→ Action item
Although the data below contains pictures, output only the lines between those holding "Obivan Premium Kısırlaştırılmış" and "Inductive charging station", inclusive, exactly and without those pictures.

→ Available records

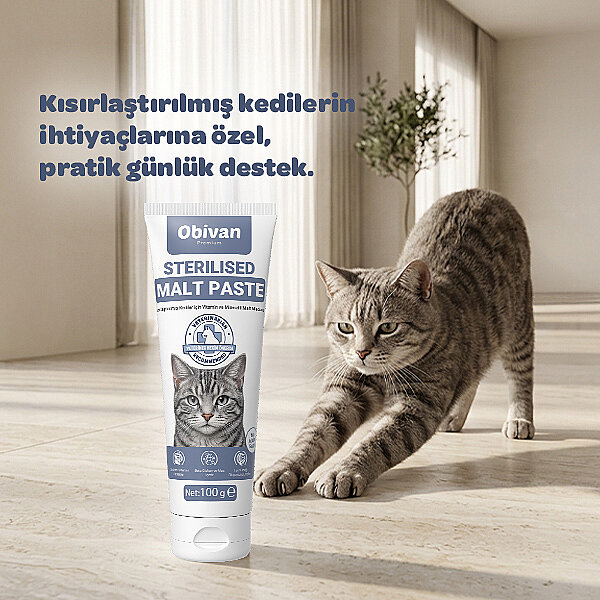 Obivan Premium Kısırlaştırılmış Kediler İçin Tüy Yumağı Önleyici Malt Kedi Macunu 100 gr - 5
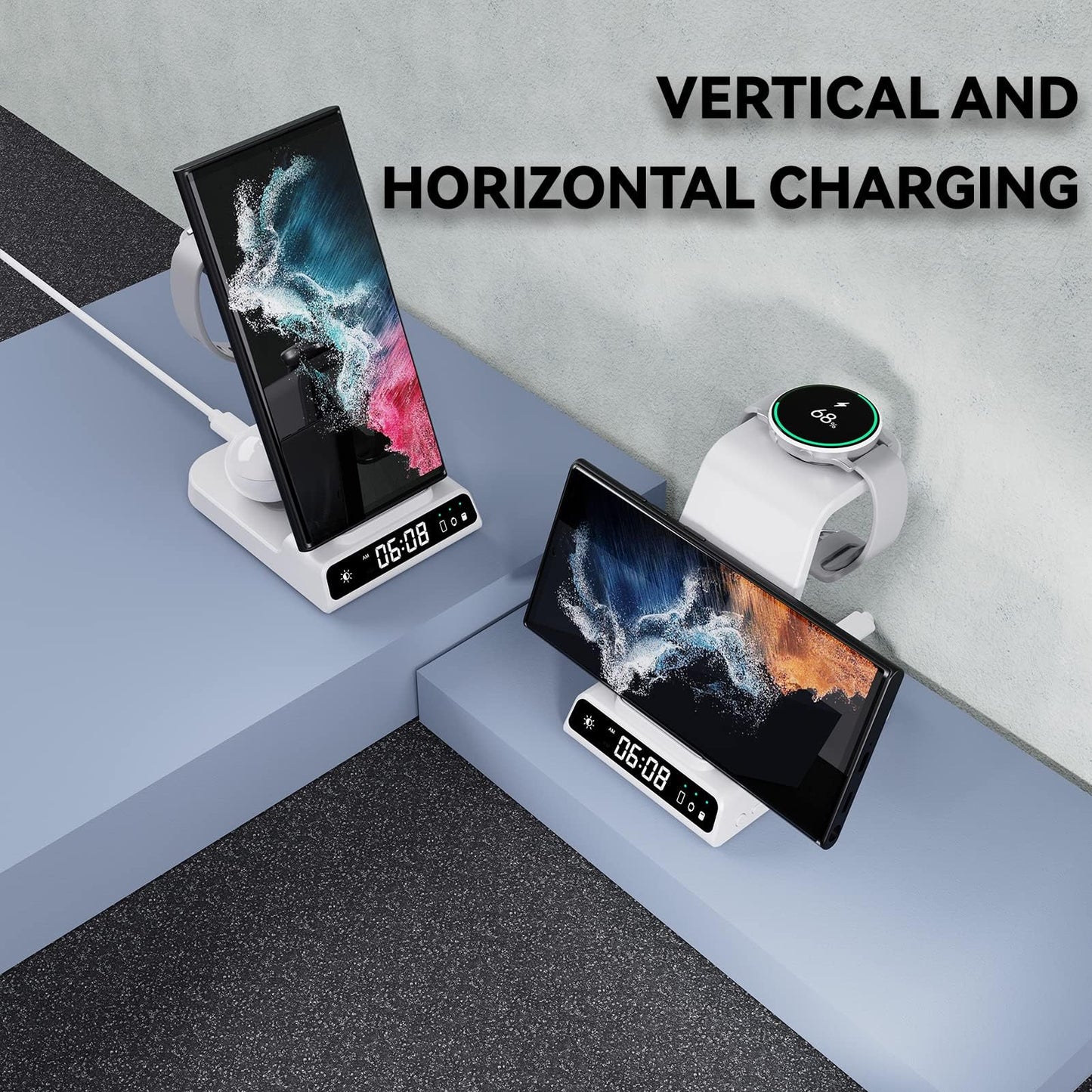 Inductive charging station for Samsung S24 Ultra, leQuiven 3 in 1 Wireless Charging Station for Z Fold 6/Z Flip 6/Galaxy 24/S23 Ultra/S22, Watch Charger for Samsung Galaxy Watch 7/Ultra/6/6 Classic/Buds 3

---

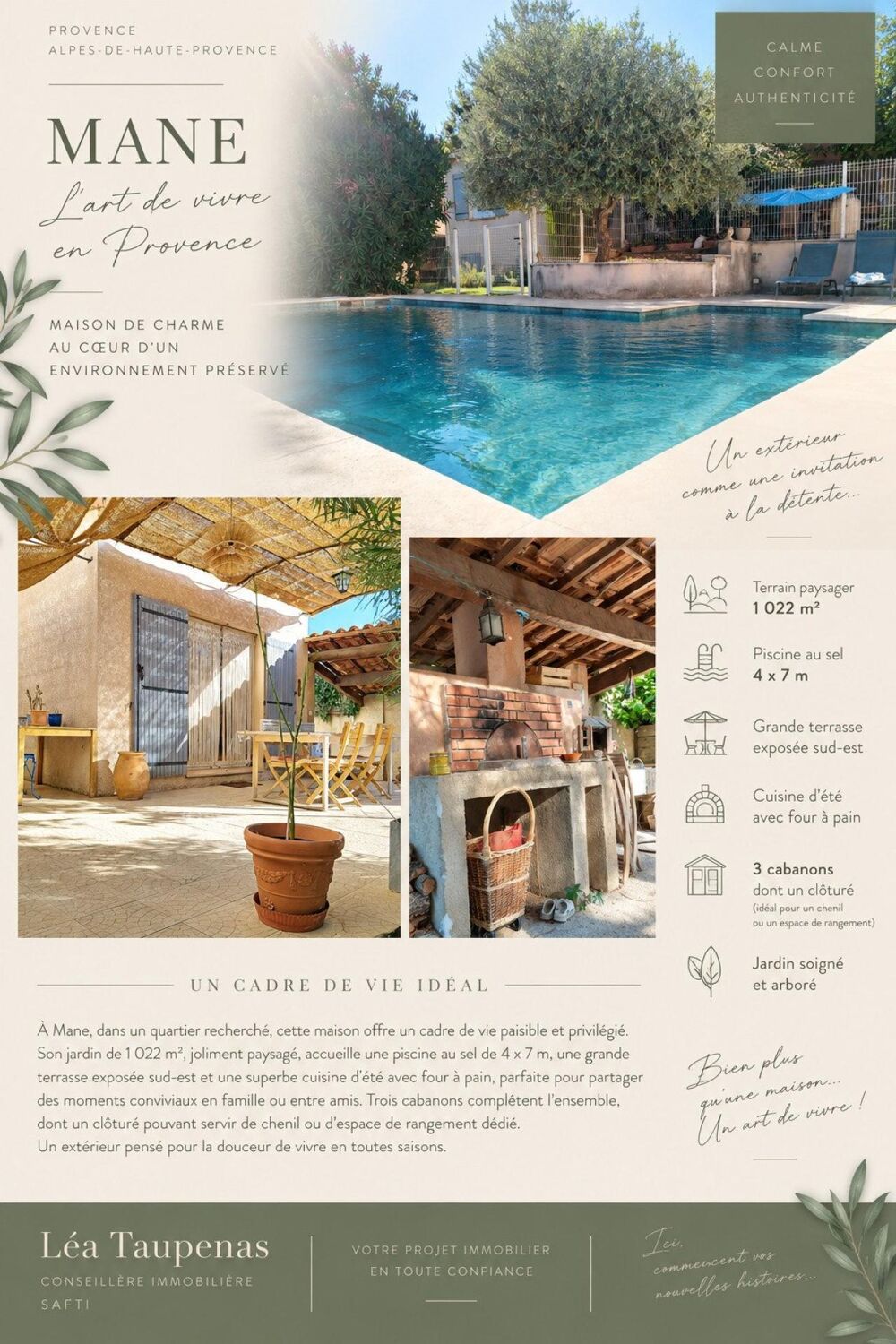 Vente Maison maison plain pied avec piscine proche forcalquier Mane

→ Written solution
 Obivan Premium Kısırlaştırılmış Kediler İçin Tüy Yumağı Önleyici Malt Kedi Macunu 100 gr - 5
 Inductive charging station for Samsung S24 Ultra, leQuiven 3 in 1 Wireless Charging Station for Z Fold 6/Z Flip 6/Galaxy 24/S23 Ultra/S22, Watch Charger for Samsung Galaxy Watch 7/Ultra/6/6 Classic/Buds 3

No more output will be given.